■ Exercise data
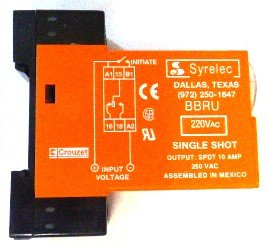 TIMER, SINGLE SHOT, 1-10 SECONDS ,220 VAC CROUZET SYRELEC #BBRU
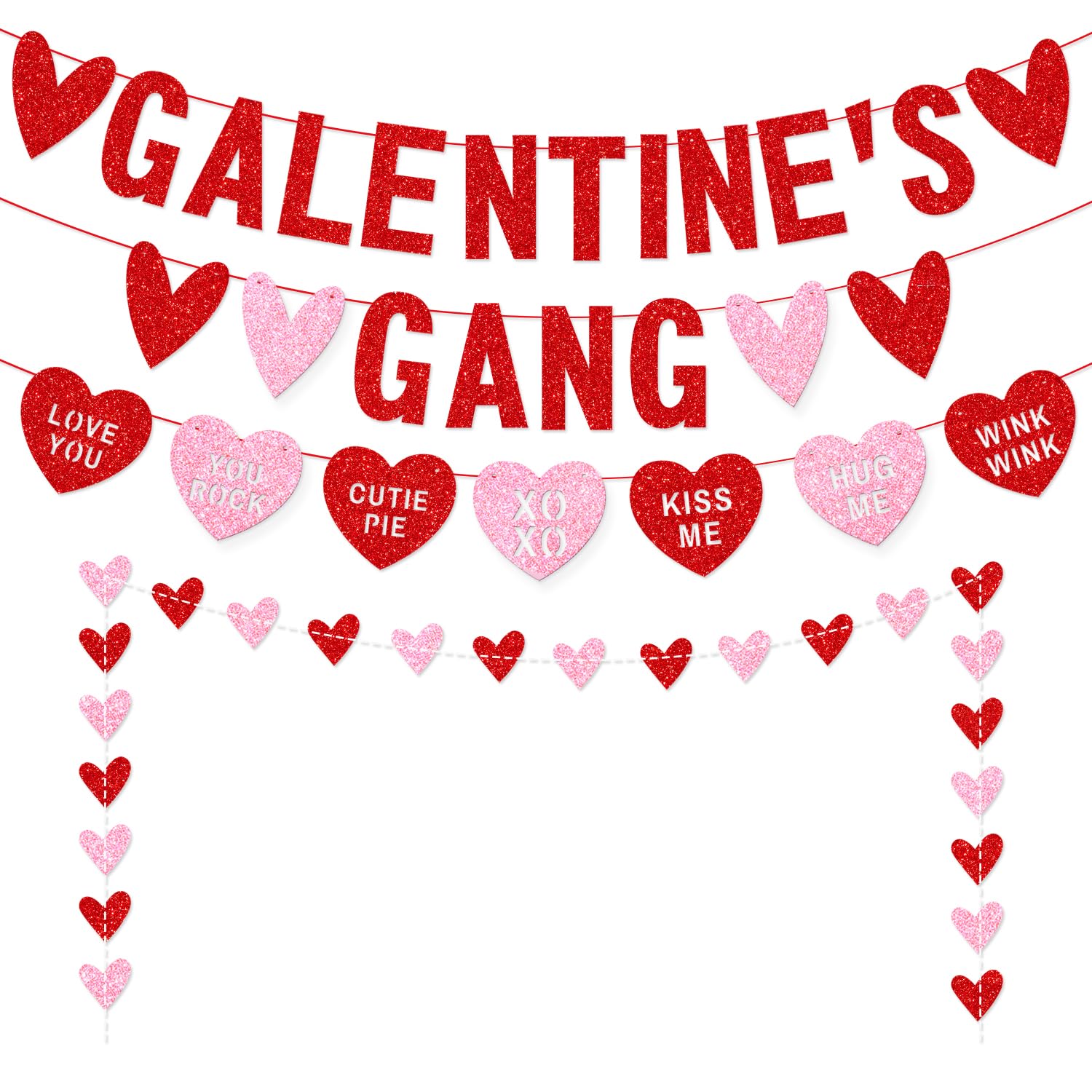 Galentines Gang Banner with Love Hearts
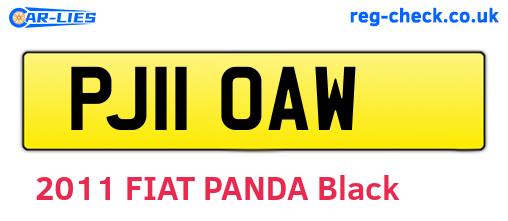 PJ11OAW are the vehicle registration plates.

■ Exercise prompt
Where a picture appears in the material above, skip it, and print the rest exactly.

■ Answer to this problem
 TIMER, SINGLE SHOT, 1-10 SECONDS ,220 VAC CROUZET SYRELEC #BBRU
 Galentines Gang Banner with Love Hearts
 PJ11OAW are the vehicle registration plates.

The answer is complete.